- EXERCISE DIRECTIONS
Could every line below be transcribed exactly, with the pictures dropped?

- GIVEN DATA
=== Section Start ===
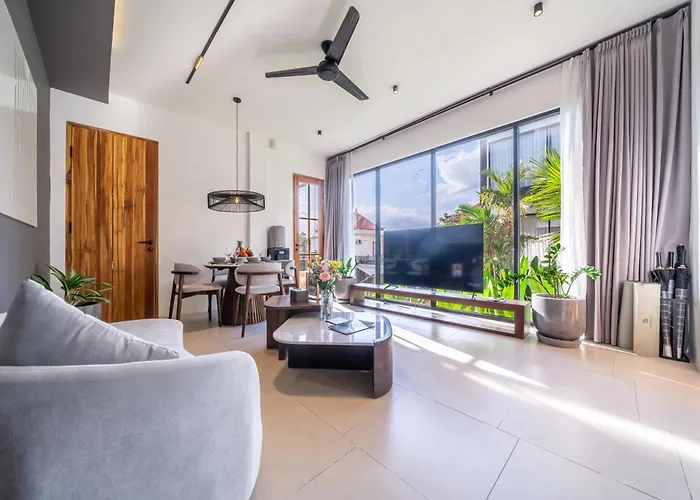 アパートホテル Sebelas By Evdekimi - Modern With Pool Near Dining & Shops 3*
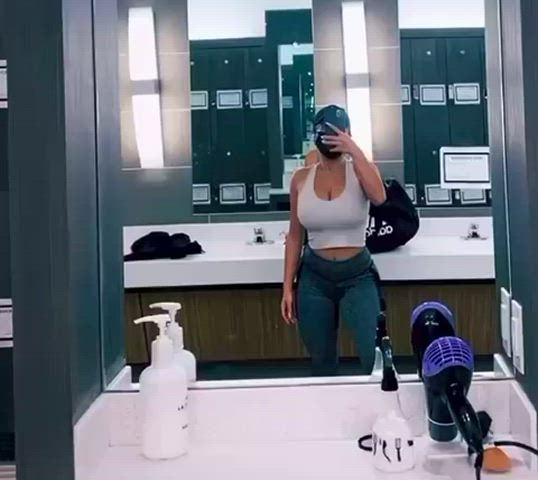 cleavage gym mirror gif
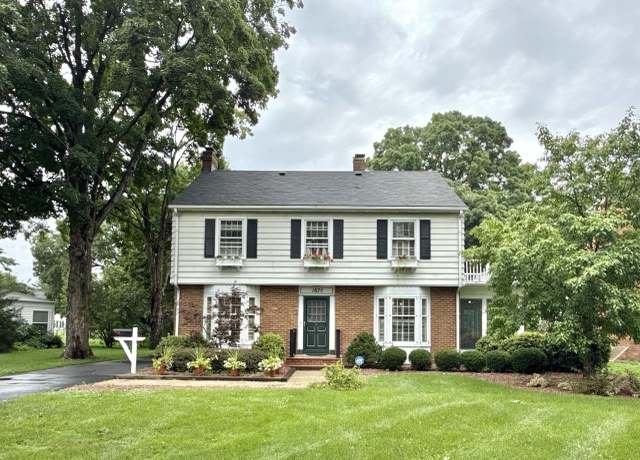 Property at 1875 Sherwood Dr SW, Beloit, WI 53511, 4 beds, 2.5 baths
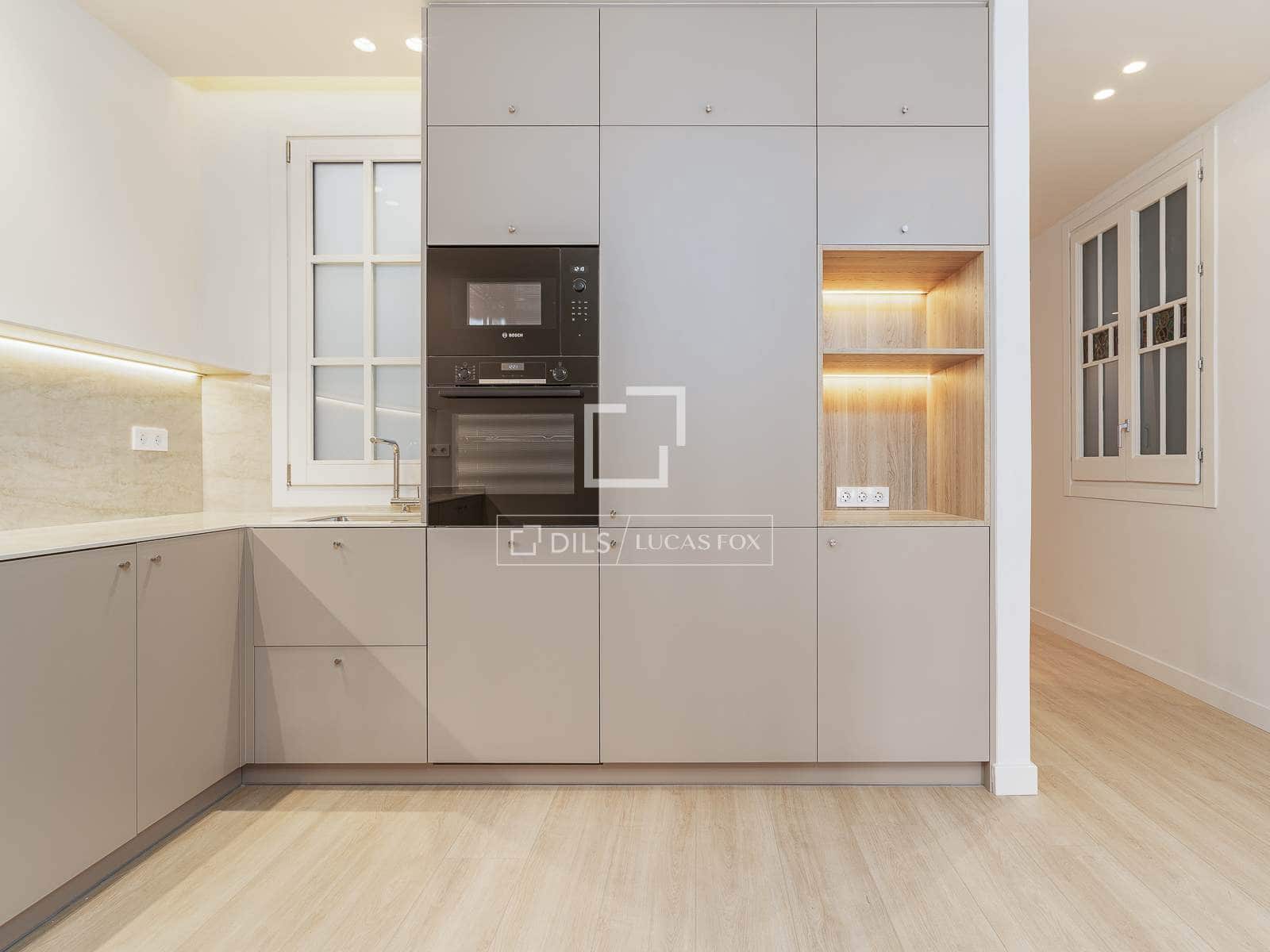 3 slaapkamer Appartement te koop in Barcelona stad - € 1.450.000 (Ref: 9985881)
=== Section End ===
- OUTPUT BELOW
 アパートホテル Sebelas By Evdekimi - Modern With Pool Near Dining & Shops 3*
 cleavage gym mirror gif
 Property at 1875 Sherwood Dr SW, Beloit, WI 53511, 4 beds, 2.5 baths
 3 slaapkamer Appartement te koop in Barcelona stad - € 1.450.000 (Ref: 9985881)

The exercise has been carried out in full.